Chez Protolis, l’injection prototype est utilisée pour produire des pièces en petites séries avec des matières techniques comme ABS, PC/ABS, PA66, PBT, POM, PP, PPS ou autres grades spécifiques.

Des exemples de cas clients sont également disponibles sur notre site. En voici quelques-uns :

FAQs 

Quelle est la différence entre un plastique standard et un plastique technique ? 

Un plastique technique offre généralement de meilleures propriétés mécaniques, thermiques, dimensionnelles ou électriques qu’un plastique standard. Il est utilisé lorsque la pièce doit répondre à des contraintes fonctionnelles plus importantes. 

Quelle matière choisir pour un boîtier plastique injecté ? 

L’ABS et le PC/ABS sont souvent utilisés pour les boîtiers plastiques grâce à leur bon compromis entre aspect, résistance aux chocs, coût et facilité d’injection. Le PC peut être choisi lorsque la transparence ou la résistance aux chocs est prioritaire. 

Quelle matière choisir pour une pièce mécanique ? 

Le PA66, le POM, le PBT renforcé fibre de verre ou le PEEK peuvent être utilisés pour des pièces mécaniques. Le choix dépend des efforts, du frottement, de la température, de l’humidité et du coût cible. 

Quelle matière choisir pour une pièce soumise au frottement ? 

Le POM est souvent un très bon choix pour les pièces soumises au frottement grâce à sa bonne résistance à l’usure et à ses propriétés autolubrifiantes. Le PA66 ou le PEEK peuvent aussi être envisagés selon les contraintes. 
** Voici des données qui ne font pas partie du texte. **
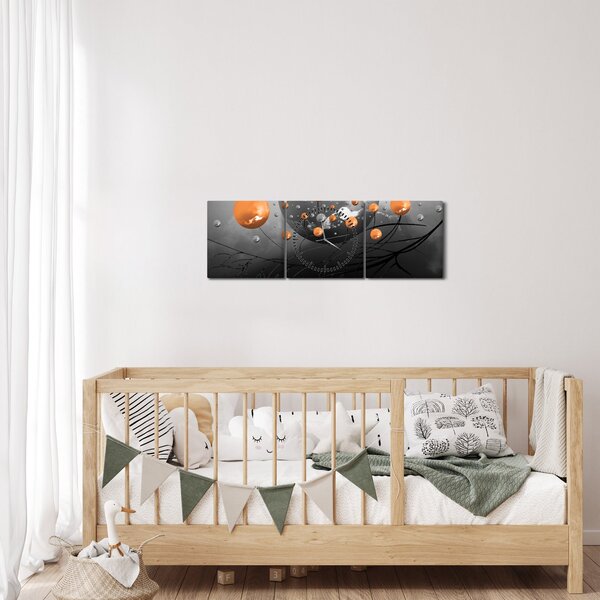 Obraz pomarańczowych kul (z zegarem) (90x30 cm)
Quelle matière choisir pour une application électrique ? 

Le PBT, le PET, le PPS et le LCP sont souvent utilisés pour des applications électriques ou électroniques grâce à leur stabilité dimensionnelle et à leurs bonnes propriétés d’isolation. 

Peut-on injecter du PEEK ? 

Oui, le PEEK est injectable, mais il nécessite des conditions de transformation spécifiques, des températures élevées et un outillage adapté. Son coût élevé fait qu’il est généralement réservé aux applications très exigeantes. 
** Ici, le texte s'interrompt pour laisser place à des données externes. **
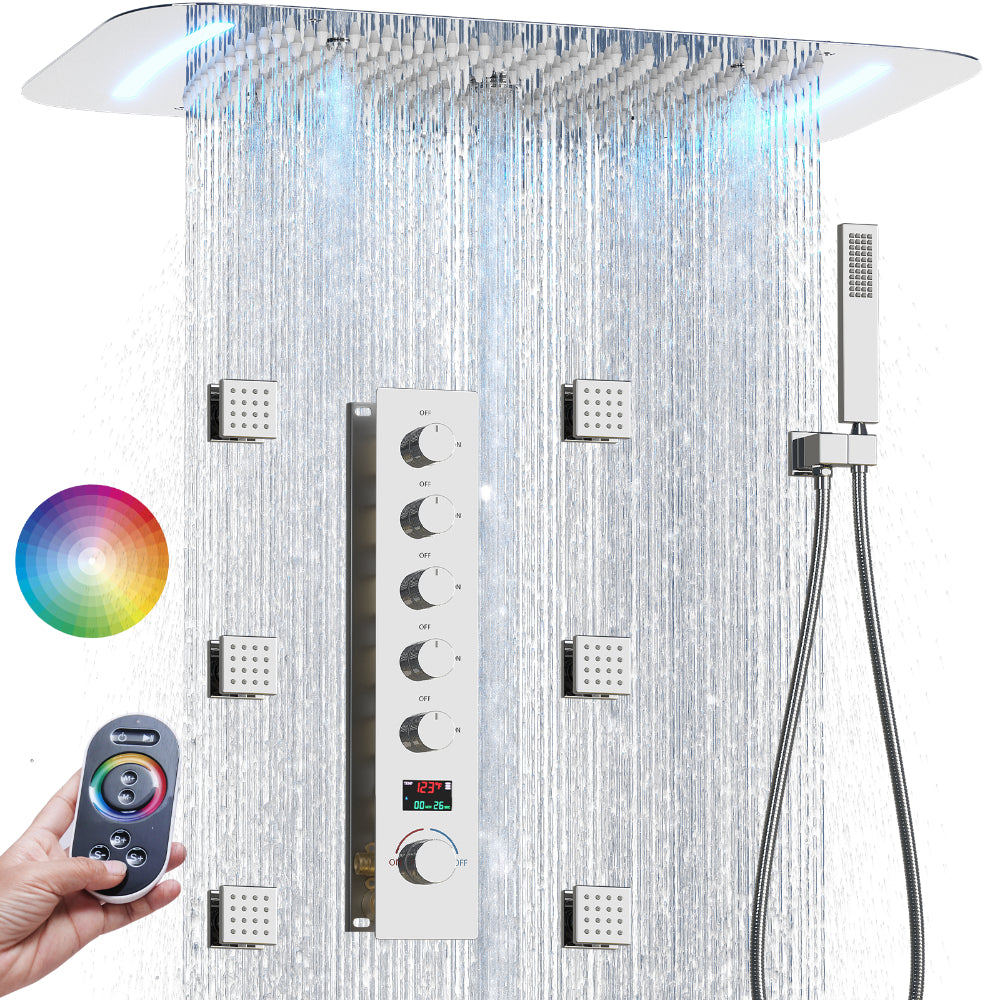 Juno Concealed Ceiling Mounted Shower Set Waterfall & Digital Thermostat, 6 Handles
Le PA66 absorbe-t-il l’humidité ? 

Oui, le PA66 absorbe l’humidité. Cela peut modifier ses dimensions, ses propriétés mécaniques et ses propriétés électriques. Pour des pièces très précises ou sensibles à l’humidité, d’autres matières, comme le PBT, le POM ou le PPS peuvent être envisagées. 
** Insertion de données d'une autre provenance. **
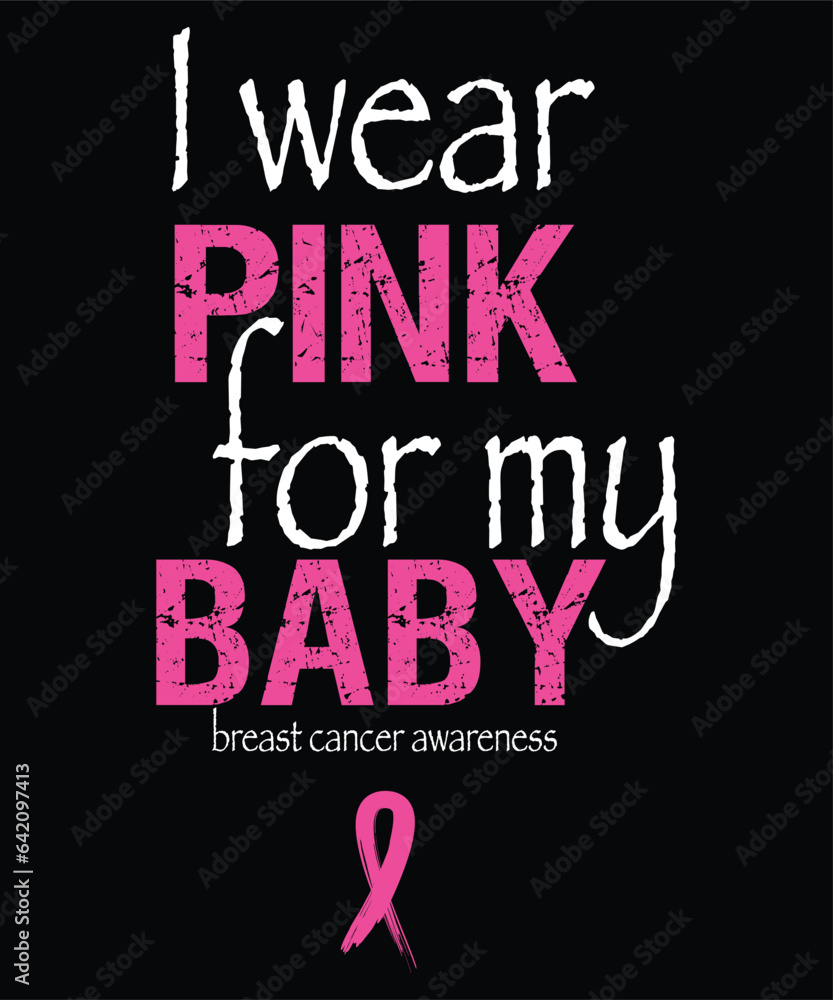 Fototapeta premium Breast Cancer Awareness Month T Shirt Design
Quelle est la différence entre PA66 et PBT ? 

Le PA66 offre une bonne résistance mécanique et une bonne résistance à l’usure, mais il absorbe davantage l’humidité. Le PBT offre une meilleure stabilité dimensionnelle et de bonnes propriétés électriques, ce qui le rend intéressant pour les composants techniques ou électriques. 

Peut-on faire un prototype dans la matière finale ? 

Oui, avec l’injection prototype, il est possible de produire des pièces dans la matière finale ou dans une matière très proche de la future série. C’est particulièrement utile pour valider des clips, des assemblages, des propriétés mécaniques ou des exigences thermiques et électriques. 

Quelle technologie choisir pour prototyper une pièce plastique ? 

L’impression 3D est adaptée pour valider rapidement une forme. L’usinage CNC est utile pour tester certaines matières réelles. La coulée sous vide est intéressante pour les prototypes esthétiques ou les petites séries. L’injection prototype est la solution la plus représentative lorsque la matière finale et le comportement réel de la pièce sont importants.